Mesmo sobre a exportação de produtos primários, houve reparos. O senador Tasso Jereissati (PSDB-CE) reclamou que a cota argentina de exportação de carne vermelha será muito superior à brasileira. Ele também teme a resistência que a França tem manifestado em torno do acordo, pois o país subsidia fortemente sua agricultura, o que requererá o cuidado do Brasil em relação ao texto final a ser implantado.
Desafios
O governo reconhece que o acordo UE-Mercosul será desafiador para a indústria nacional, mas afirma que também abre uma relevante janela de oportunidades. Lucas Ferraz disse que o Mercosul terá, no geral, cinco anos a mais para adotar as tarifas liberalizantes na comparação com a Europa. O setor automobilístico brasileiro, por exemplo, só adotará a tarifa zero após 15 anos, através de quedas graduais. O mesmo se dará com alguns outros setores industriais, enquanto a Europa terá dez anos para fazer o mesmo.
Ele afirmou também que uma maior inserção do Brasil nas cadeias globais de comércio irá beneficiar a indústria nacional, contribuindo para uma maior competitividade do setor. Segundo Ferraz, 60% do comércio internacional flui hoje por cerca de 300 acordos internacionais, enquanto o Brasil fez só o acordo do Mercosul, que o secretário classificou como uma união aduaneira imperfeita. Para ele, a indústria nacional poderá ganhar inclusive com a maior possibilidade de importar componentes.
— A indústria chegou a representar 30% do PIB [brasileiro] no final da década de 1970. Hoje, mal bate em 10%. O problema é estrutural, porque a participação do setor cai de forma contínua há 40 anos.
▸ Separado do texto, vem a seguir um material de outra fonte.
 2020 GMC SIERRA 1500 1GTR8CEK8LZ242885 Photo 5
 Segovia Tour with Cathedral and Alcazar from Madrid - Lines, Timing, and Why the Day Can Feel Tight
Vários fatores causaram isso, como uma queda brutal nos investimentos e o manicômio tributário. Mas o fato é que o Brasil não acompanhou as cadeias globais de produção que se estabeleceram nos últimos 40 anos — disse.
Ferraz afirmou ainda que a efetivação do acordo significará um ganho expressivo para o agronegócio. A exportação de açúcar, hoje limitada a uma cota de 22 mil toneladas por ano, deverá ser aumentada em mais 180 mil toneladas. A exportação de etanol poderá crescer em mais 650 mil toneladas e a de frango, em 100% dos números atuais.
Poder aquisitivo
O secretário de Assuntos Internacionais do Ministério da Economia, Marcos Troyjo, também valorizou o alto poder aquisitivo que marca a maioria dos 28 países da União Europeia. Trata-se de um mercado superior a 500 milhões de consumidores, que poderá ser acessado mais facilmente pelos produtores brasileiros. Esse fator, no entender dele, pode ser aproveitado tanto pelo setor automobilístico quanto pela produção vinculada à Zona Franca de Manaus.
Troyjo acrescentou que o valioso mercado das compras governamentais da União Europeia também estará aberto, mas esse aspecto é visto com preocupação pelo senador Jaques Wagner (PT-BA), pois a recíproca por parte do Brasil será a mesma para a concorrência europeia.